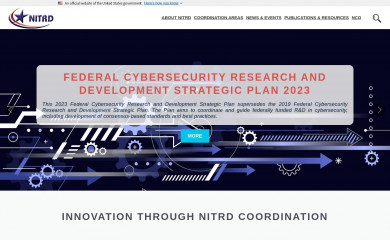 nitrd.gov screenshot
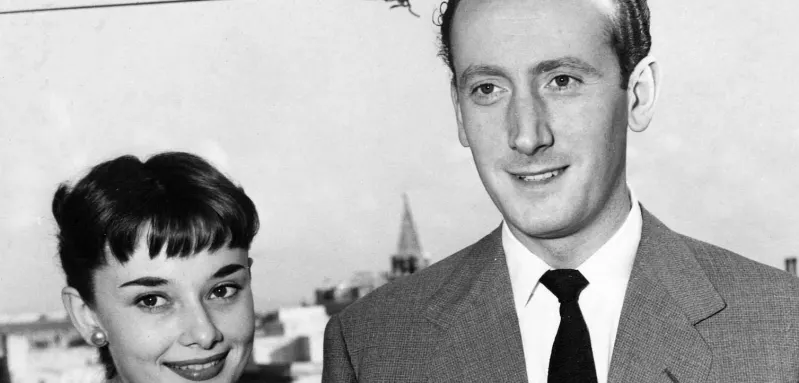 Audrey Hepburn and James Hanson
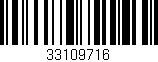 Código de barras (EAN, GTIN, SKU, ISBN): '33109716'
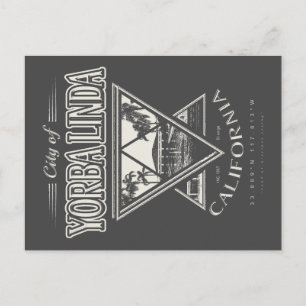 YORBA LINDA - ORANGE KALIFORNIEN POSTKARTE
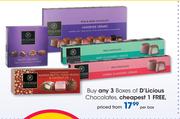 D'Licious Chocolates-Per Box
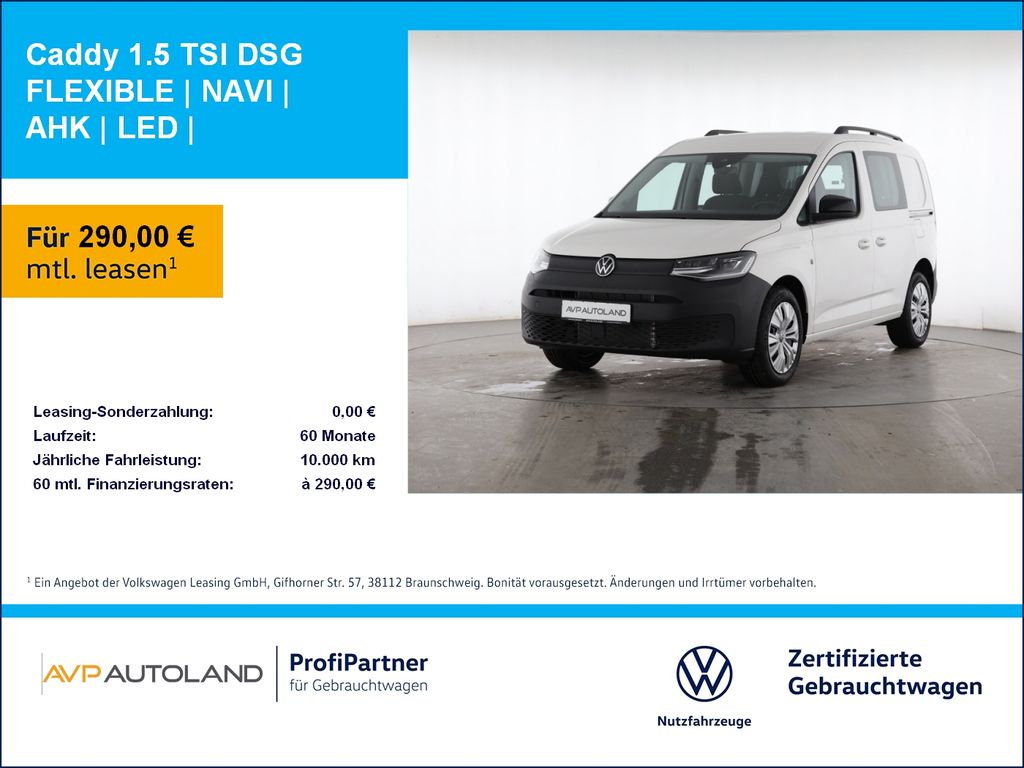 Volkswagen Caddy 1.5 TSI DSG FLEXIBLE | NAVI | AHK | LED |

══════

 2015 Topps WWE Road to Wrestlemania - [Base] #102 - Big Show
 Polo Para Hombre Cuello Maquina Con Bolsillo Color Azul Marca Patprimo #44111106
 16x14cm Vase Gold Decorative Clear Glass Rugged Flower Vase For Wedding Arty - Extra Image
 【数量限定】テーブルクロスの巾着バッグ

══════

• _TASK GOAL_: Everything above from the line containing "nitrd.gov screenshot" down to the line containing "Volkswagen Caddy 1.5" is to be duplicated exactly, both lines included, and the pictures are to be omitted.

• _EXERCISE RESULT_:
 nitrd.gov screenshot
 Audrey Hepburn and James Hanson
 Código de barras (EAN, GTIN, SKU, ISBN): '33109716'
 YORBA LINDA - ORANGE KALIFORNIEN POSTKARTE
 D'Licious Chocolates-Per Box
 Volkswagen Caddy 1.5 TSI DSG FLEXIBLE | NAVI | AHK | LED |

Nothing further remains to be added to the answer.